# Travelling everywhere without Visa: the set cover problem with Google OR-Tools and Microsoft Z3

- The Set Cover problem
- Travelling everywhere as minimum set cover problem
- Conclusion and further reading.
- Footnotes

# The Set Cover problem

I’m lucky enough to work in a company that employs people from many different countries. We were comparing the ease of travel given by different passport using passportindex.org. So we wondered: what’s the minimum set of passports necessary to travel in any country visa-free?

*A passport. Photo by Nicole Geri on Unsplash*

Turns out that it’s impossible. Some countries, like Saudi Arabia and North Korea, are only accessible using passports of countries that don’t allow dual citizenship. But if we pretend that all countries allow multiple citizenship without restriction, what would be the minimum set of passports that would cover the whole world?

This is an example of set cover problem, which is one of Karp’s 21 NP-complete problems^{1}. The definition of the problem goes like this:

Given a collection of elements \(U = \lbrace 1, 2, \ldots, n\rbrace\) called *universe*, and a collection \(S\) of \(m\) subsets of \(U\) whose union is equal to \(U\) (formally: \(\bigcup_{i=1}^m m_i = U\)), what is the smallest sub-collection of \(S\) such that the union of its members still equals \(U\)?

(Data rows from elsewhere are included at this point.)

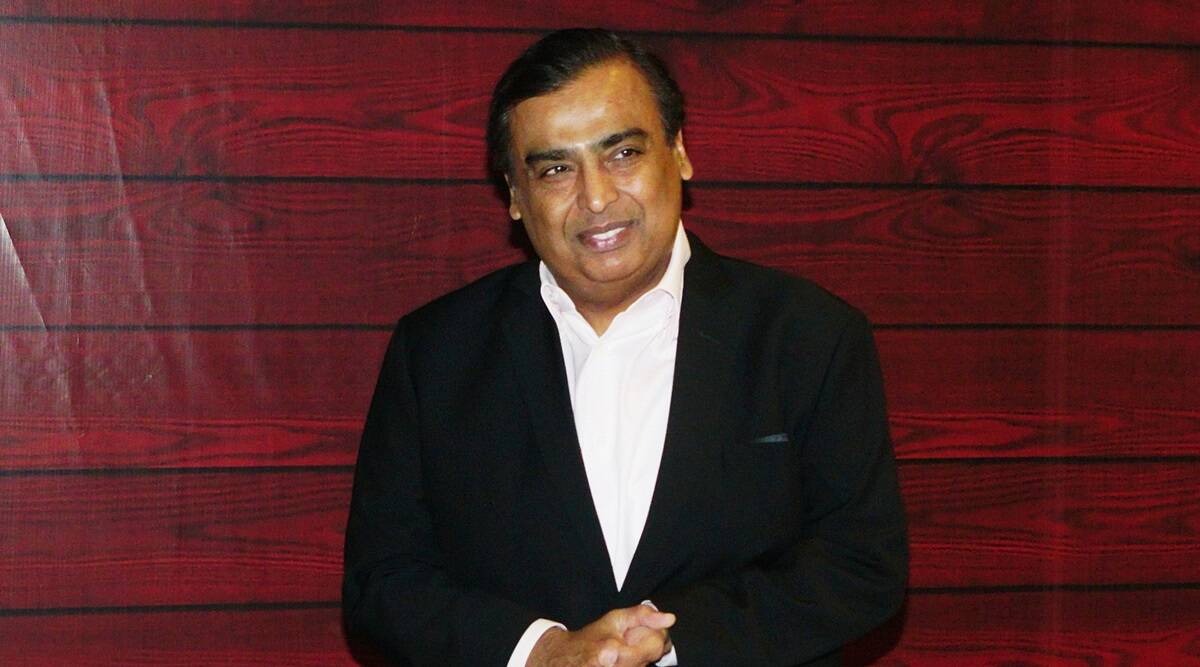 mukesh ambani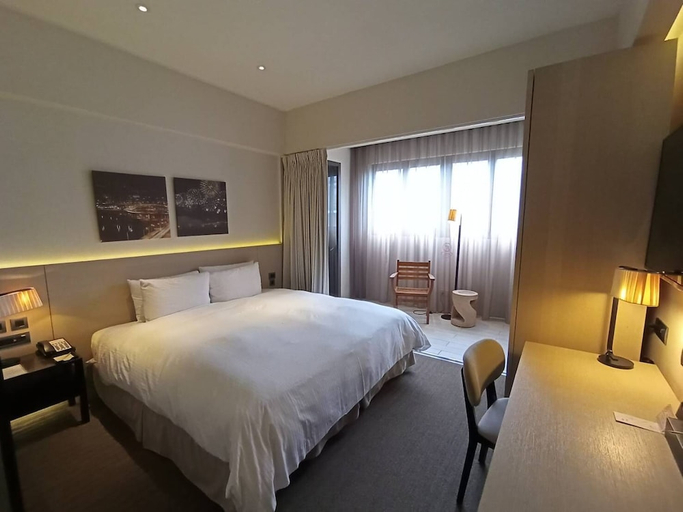 Bedroom 2, New Riverview Suites Taipei, Taipei City
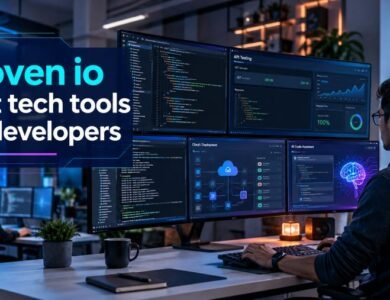 Droven IO Best Tech Tools for Developers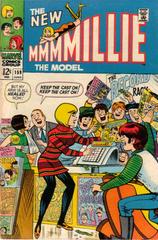 Millie the Model #159 (1968) Comic Books Millie the Model Prices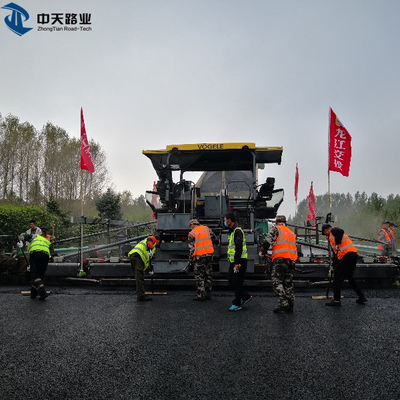 Anti raccoglitore Asphalt Construction della strada privata di Rut Agent Asphalt Additives For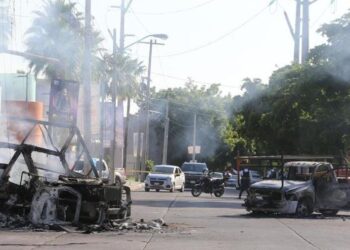 Por delito de evasión, detienen a “El Jairo” tras al fugarse del penal en el primer Culiacanazo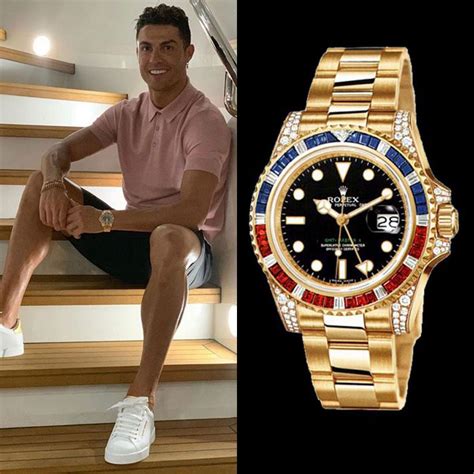 Ronaldo watches worth money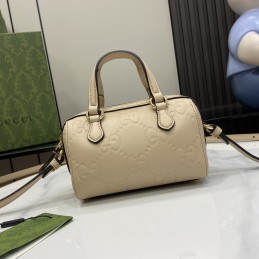 Super Mini Top Handle Bag -...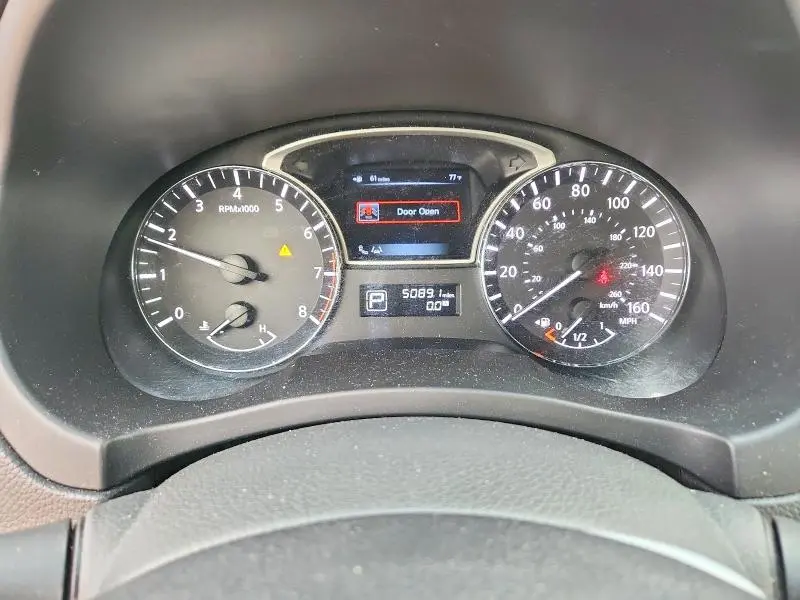 2013 NISSAN ALTIMA 3.5 S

The image above shows an example of set cover problem. The most obvious greedy algorithm to solve the problem is: until there are uncovered elements, select the set that covers the maximum amount of elements. In the example above at the first iteration we would select \(S_1\) because it covers 6 elements, then \(S_4\) because adds 3 more elements, then \(S_3\), and finally one between \(S_5\) or \(S_6\). However there’s a smaller solution: \(\lbrace S_3, S_4, S_6\rbrace\). Imagine now how hard it’d be to find the optimal solution if there were hundreds or more elements and sets.

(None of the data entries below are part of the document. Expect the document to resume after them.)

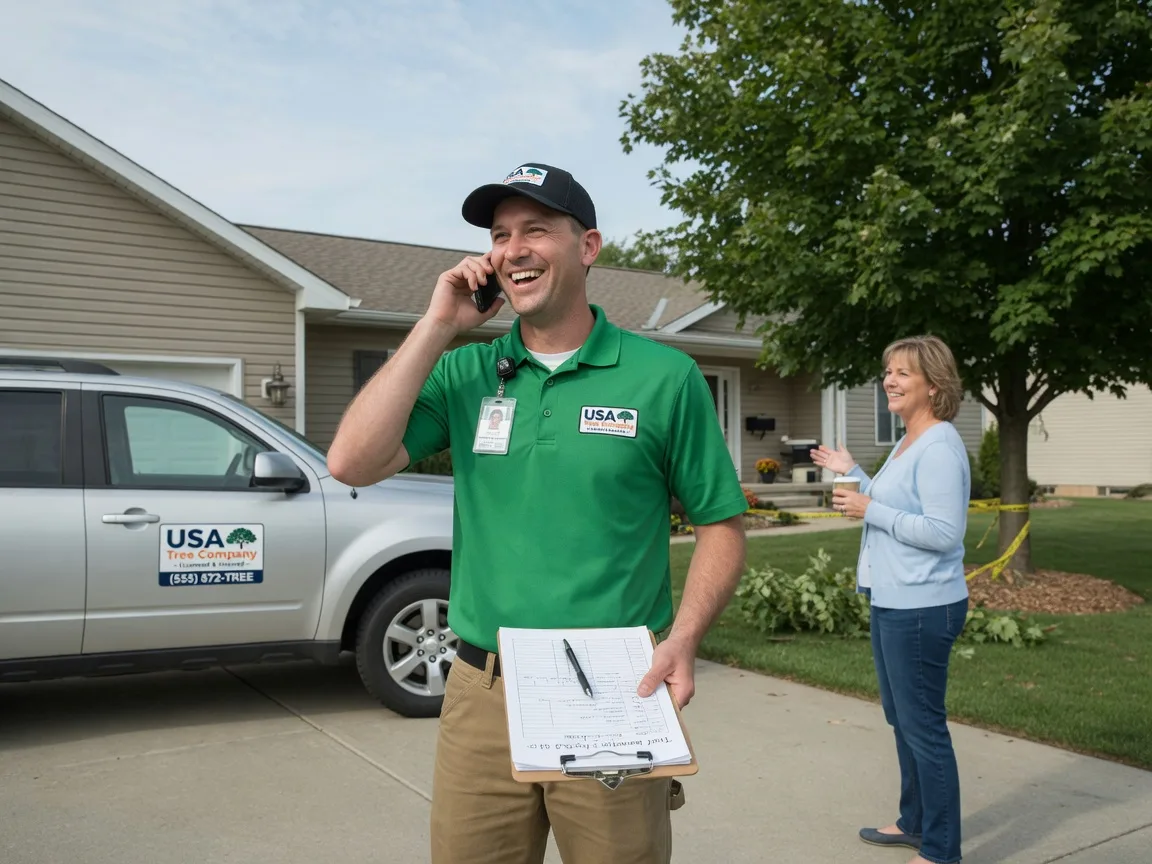 Tree Care Deckerville, MI FAQs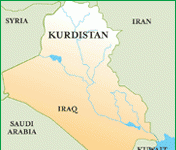 Iran: bombardamenti di zone kurde irachene da parte del regime iraniano Image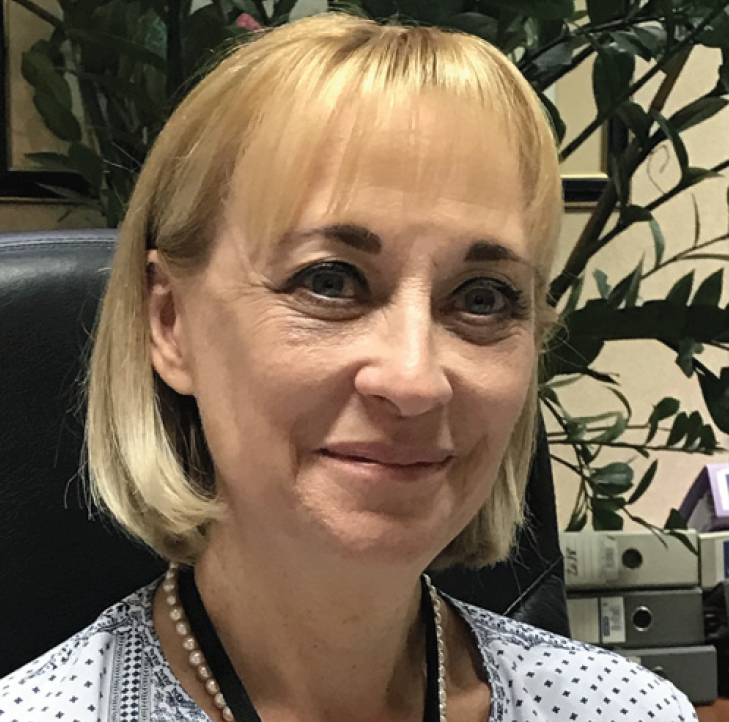 Pascale Zurbach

Set cover problem is definitely not just an interesting theoretical problem, it also has very real world applications. One that is known to everyone is Sudoku, which can be re-stated in the form of set cover. Another one which is not universally known but has a very high monetary impact is shift scheduling: for example airline companies must find a number with different specializations for each shift, often with additional constraints (e.g.: due to labor laws, holidays, and so on). Sometimes set cover problems are hidden in plain sight: imagine to have a database of tagged items, and you want to find the smallest set of tags such that all items are represented at least once. This is another version of the minimal set cover problem.

# Travelling everywhere as minimum set cover problem

Seeing how the visa-free travel problem maps to the minimal set problem is straightforward: the universe \(U\) is the set of countries, and each passport selects a subset of countries where it allows visa-free travel. We want to select the minimum number of passports that covers all the countries. Easy! But finding the optional solution is way less simple.

## Getting the data

I used https://github.com/ilyankou/passport-index-dataset/, which provides a useful CSV file (passport-index-tidy.csv). Each row of the CSV file contains the country that issued a passport, a destination country, and “3” if the passport allows visa-free travel, and “-1” if the country that issued the passport and the destination country are the same. Now that we have the data, we can find an answer to our question.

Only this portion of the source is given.